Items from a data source
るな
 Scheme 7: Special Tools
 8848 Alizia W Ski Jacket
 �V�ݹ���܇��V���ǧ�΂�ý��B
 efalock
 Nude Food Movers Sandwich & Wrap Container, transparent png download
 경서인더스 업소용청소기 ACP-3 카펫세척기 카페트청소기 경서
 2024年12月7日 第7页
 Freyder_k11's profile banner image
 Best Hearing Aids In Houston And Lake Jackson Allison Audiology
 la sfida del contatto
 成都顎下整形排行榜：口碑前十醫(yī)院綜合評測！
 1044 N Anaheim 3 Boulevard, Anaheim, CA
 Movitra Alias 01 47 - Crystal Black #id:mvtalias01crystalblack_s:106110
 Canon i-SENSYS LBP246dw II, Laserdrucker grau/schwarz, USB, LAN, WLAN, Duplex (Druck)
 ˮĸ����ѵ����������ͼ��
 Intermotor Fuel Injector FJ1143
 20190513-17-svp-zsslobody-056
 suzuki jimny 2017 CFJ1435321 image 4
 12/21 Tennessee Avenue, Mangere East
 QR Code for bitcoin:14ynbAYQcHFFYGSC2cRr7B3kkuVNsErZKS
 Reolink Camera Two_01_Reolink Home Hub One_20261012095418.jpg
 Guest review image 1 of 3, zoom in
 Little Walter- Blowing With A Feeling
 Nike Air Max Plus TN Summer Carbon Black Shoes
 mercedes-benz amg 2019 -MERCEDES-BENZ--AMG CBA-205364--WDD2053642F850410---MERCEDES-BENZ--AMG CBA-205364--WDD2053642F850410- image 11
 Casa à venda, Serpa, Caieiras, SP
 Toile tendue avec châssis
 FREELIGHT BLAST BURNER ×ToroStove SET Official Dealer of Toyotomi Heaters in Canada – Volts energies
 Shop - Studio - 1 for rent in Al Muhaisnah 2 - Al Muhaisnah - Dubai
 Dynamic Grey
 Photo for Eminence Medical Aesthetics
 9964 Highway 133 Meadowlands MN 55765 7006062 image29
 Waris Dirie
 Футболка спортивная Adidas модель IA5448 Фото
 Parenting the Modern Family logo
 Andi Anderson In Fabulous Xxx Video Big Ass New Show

• Activity: Retype only the stretch of lines above starting at the one with "Little Walter- Blowing With A Feeling" and stopping at the one with "Parenting the Modern Family logo", exactly as written, with both kept.

• Output of the exercise:
 Little Walter- Blowing With A Feeling
 Nike Air Max Plus TN Summer Carbon Black Shoes
 mercedes-benz amg 2019 -MERCEDES-BENZ--AMG CBA-205364--WDD2053642F850410---MERCEDES-BENZ--AMG CBA-205364--WDD2053642F850410- image 11
 Casa à venda, Serpa, Caieiras, SP
 Toile tendue avec châssis
 FREELIGHT BLAST BURNER ×ToroStove SET Official Dealer of Toyotomi Heaters in Canada – Volts energies
 Shop - Studio - 1 for rent in Al Muhaisnah 2 - Al Muhaisnah - Dubai
 Dynamic Grey
 Photo for Eminence Medical Aesthetics
 9964 Highway 133 Meadowlands MN 55765 7006062 image29
 Waris Dirie
 Футболка спортивная Adidas модель IA5448 Фото
 Parenting the Modern Family logo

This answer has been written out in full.